__Assignment__: Your response should be an exact transcription of the data, images excluded.

::: Supplied records :::

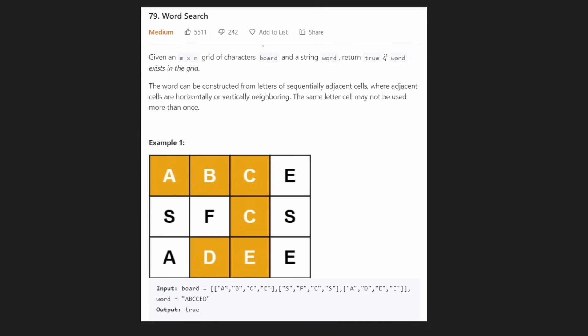Hey everyone, welcome back and let's write some more neat code today. So today let's look at word search. This is a pretty good problem and it's definitely very popular.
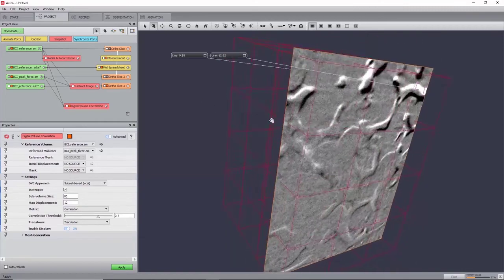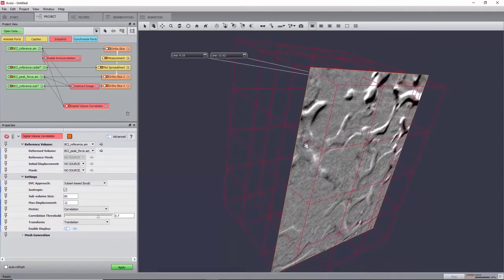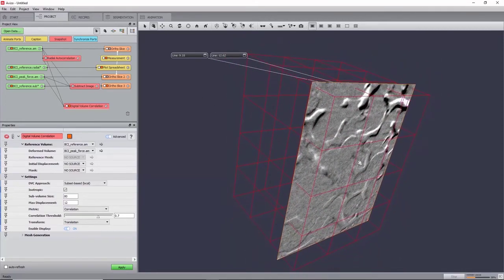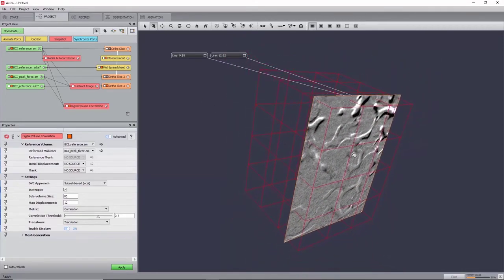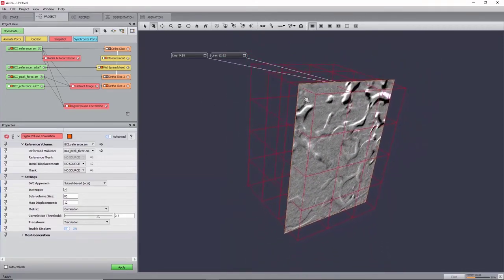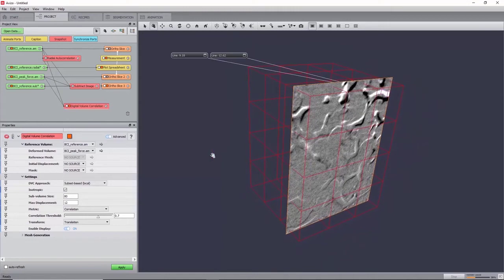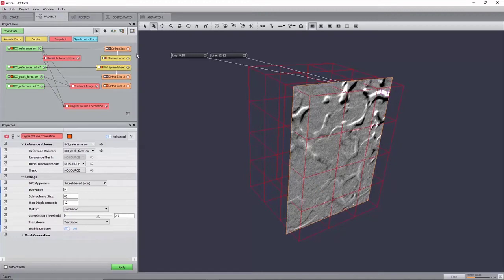You can now have a render of the subdivision into sub-volumes. Keeping the metric to correlation and the correlation filter to 0.7 will result in any sub-volume with a metric inferior to 0.7 to be ignored and interpolated instead.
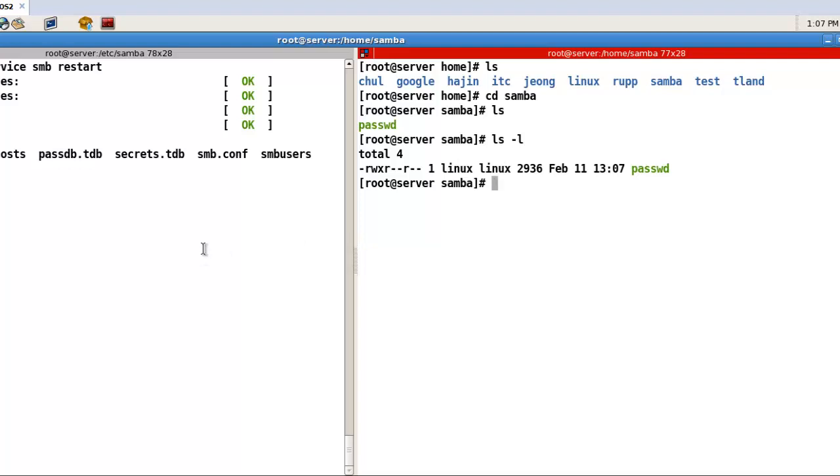And Part Two. I will explain about authentication, the password, mount like this. Thank for watching video. And see you Part Two.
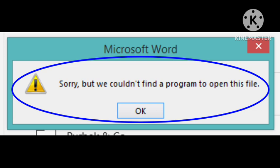If you're getting this problem while opening any file, I will tell you how you can fix this. I had a similar problem, so I will show you how to fix this trouble. Hope you like this video and subscribe to our channel, Zero to Infinity.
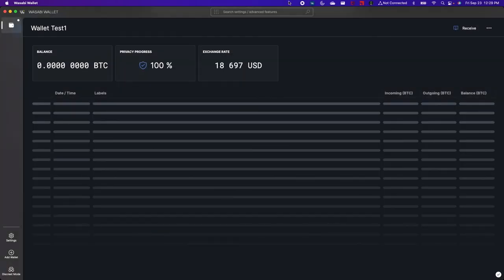All right now we've successfully installed the software and we've created a wallet. So now we can begin interacting with the Bitcoin network. And that's all I have for today.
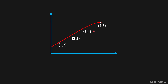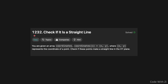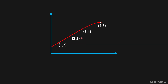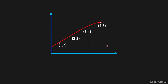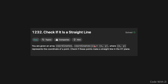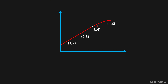Hi, welcome to Code with Z. In today's video we have to check if a line is straight or not, because that's what LeetCode 1232 'Check If It Is a Straight Line' is asking us to do. You're given an array called coordinates — each coordinate has an x and y — and you have to check if these points make a straight line in the x-y plane.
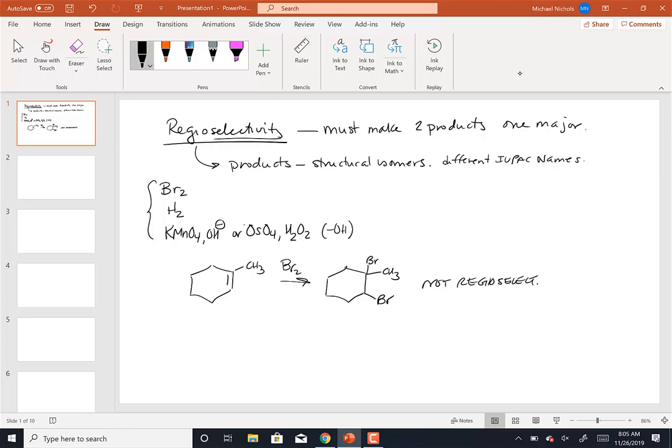When you add a symmetrical reagent — meaning you're adding the same thing to both carbons in the double bond — you cannot be regioselective. It's also true that if the alkene itself was symmetrical, you couldn't be regioselective either.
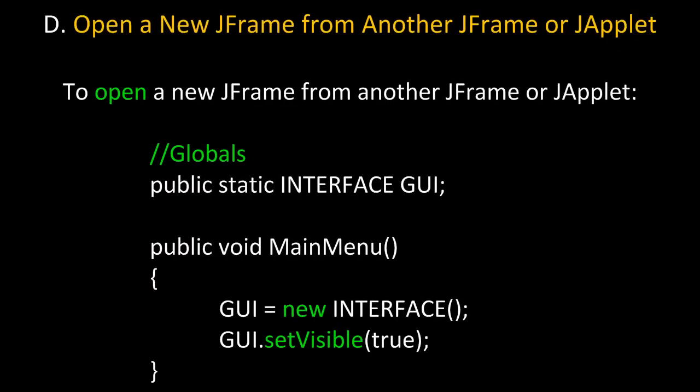Now let's take a look at spawning or opening a new JFrame from another JFrame or JApplet. To do this, inside of a function or method in that JApplet or JFrame, build an instance of the JFrame you wish to spawn or open using the new keyword. Then call the method setVisible and pass in the Boolean value true.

:::

__Reply__:
Hey everyone, welcome back and let's write some more neat code today. So today let's look at word search. This is a pretty good problem and it's definitely very popular.
You can now have a render of the subdivision into sub-volumes. Keeping the metric to correlation and the correlation filter to 0.7 will result in any sub-volume with a metric inferior to 0.7 to be ignored and interpolated instead.
And Part Two. I will explain about authentication, the password, mount like this. Thank for watching video. And see you Part Two.
If you're getting this problem while opening any file, I will tell you how you can fix this. I had a similar problem, so I will show you how to fix this trouble. Hope you like this video and subscribe to our channel, Zero to Infinity.
All right now we've successfully installed the software and we've created a wallet. So now we can begin interacting with the Bitcoin network. And that's all I have for today.
Hi, welcome to Code with Z. In today's video we have to check if a line is straight or not, because that's what LeetCode 1232 'Check If It Is a Straight Line' is asking us to do. You're given an array called coordinates — each coordinate has an x and y — and you have to check if these points make a straight line in the x-y plane.
When you add a symmetrical reagent — meaning you're adding the same thing to both carbons in the double bond — you cannot be regioselective. It's also true that if the alkene itself was symmetrical, you couldn't be regioselective either.
Now let's take a look at spawning or opening a new JFrame from another JFrame or JApplet. To do this, inside of a function or method in that JApplet or JFrame, build an instance of the JFrame you wish to spawn or open using the new keyword. Then call the method setVisible and pass in the Boolean value true.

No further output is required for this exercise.